This past week I read a wonderful article by Casey Seidenberg who got down to the basics of healthy eating for kids. With increasing rates of obesity, diabetes, and eating disorders, I found her suggestions both heartfelt and made common sense that can sometimes be forgotten in our day-to-day hectic lives:

Food, especially unhealthful food, shouldn't be used as a reward. The common incentive used by parents "Eat your vegetables, so you can have dessert" clearly communicates to children that vegetables are to be avoided and desserts are to be desired.

Food should not be used as a punishment either. Taking away dessert as discipline teaches kids that dessert is the prize.

Labeling a food as "bad" can cause children to feel guilty or bad themselves when they eat it. Instead label unhealthful foods "sometimes foods," as they really are the foods we should eat only sometimes.

Unhealthful foods shouldn't be labeled "treats" either.
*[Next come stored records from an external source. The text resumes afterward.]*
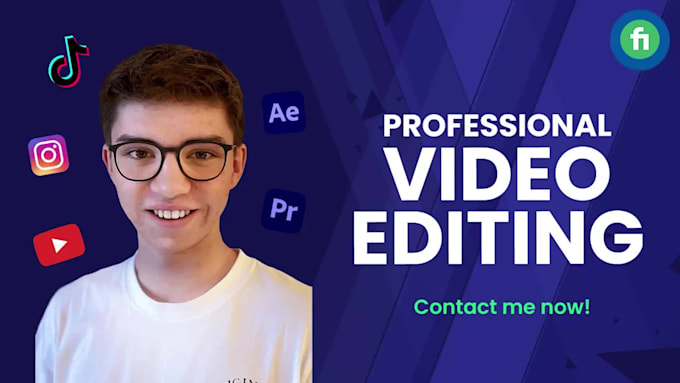 edit and enhance your videos for any platform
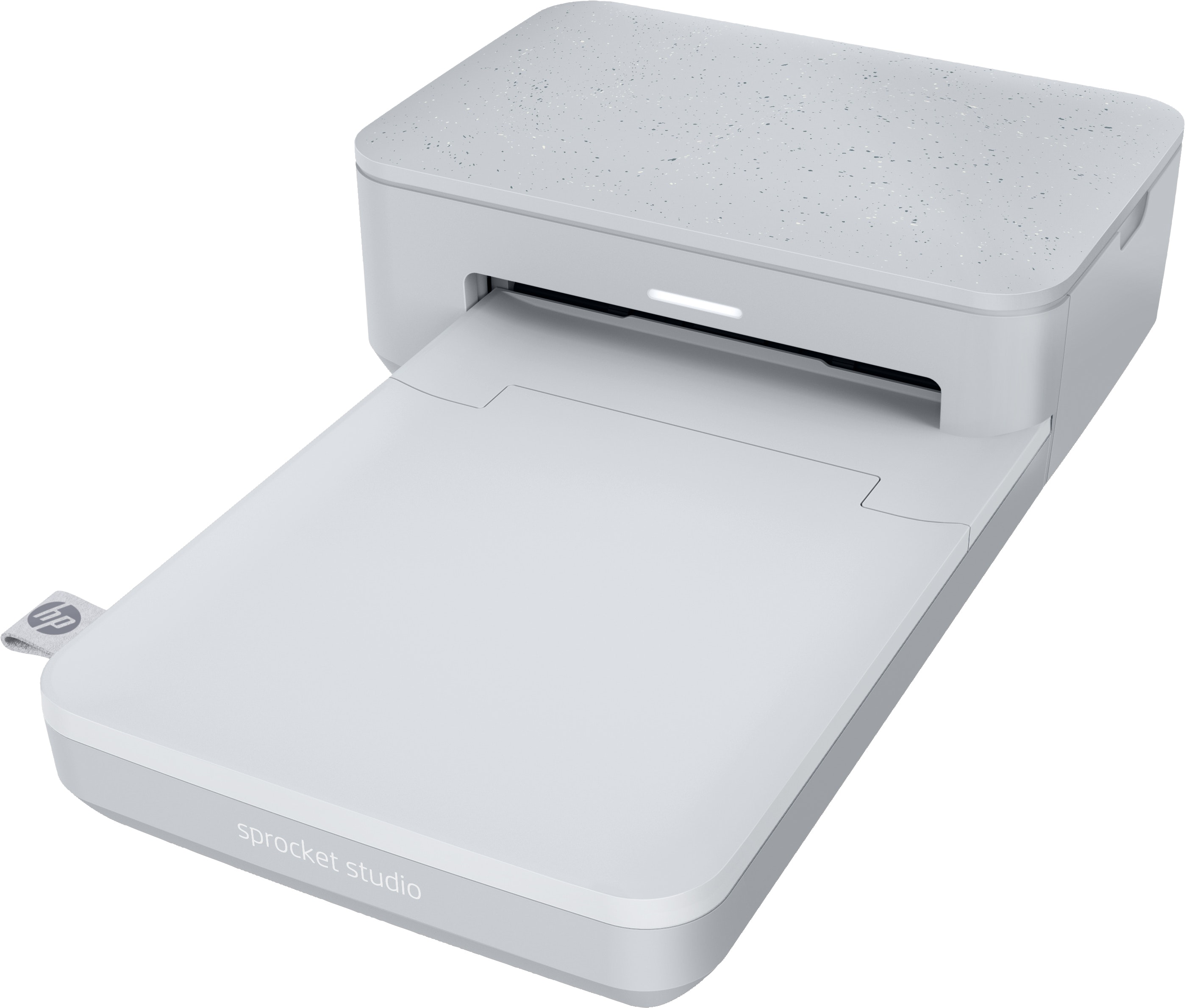 Comprar HP Sprocket Studio impresora de inyección de tinta Color 300 x 300  DPI | Phone House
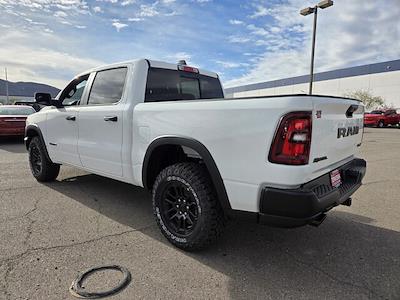 New 2026 Ram 1500 Rebel Crew Cab for sale #R37802 - photo 2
Wouldn't it be great if our kids perceived a delicious ripe peach or a slice of summer watermelon as a treat?

A child forced to eat may not learn what it feels like to be hungry or full, or how to listen to his body. Sometimes kids are not hungry. That's okay. Don't then force them to eat five more bites.

Teaching children that a holiday or celebration is about spending time with friends, participating in a fun activity or being active together, instead of simply consuming a lot of food and drink, is an important message. When our kids are teenagers and win a sports championship, or when they are adults and receive a promotion, we hope they will understand that celebrating does not need to be focused on excessive consumption of food and drink.

It is best not to deny unhealthy foods, but rather keep them to a minimum. Kids can learn that some foods are better for nourishment and make you feel good. School gardens and kitchens where kids participate in cooking their food have come a long way to help in this regard; start doing these activities at home as well. When we learn our healthy eating habits at a young age, it is much easier to continue them as adults. Teaching kids healthy eating patterns lay the foundation for a healthier society!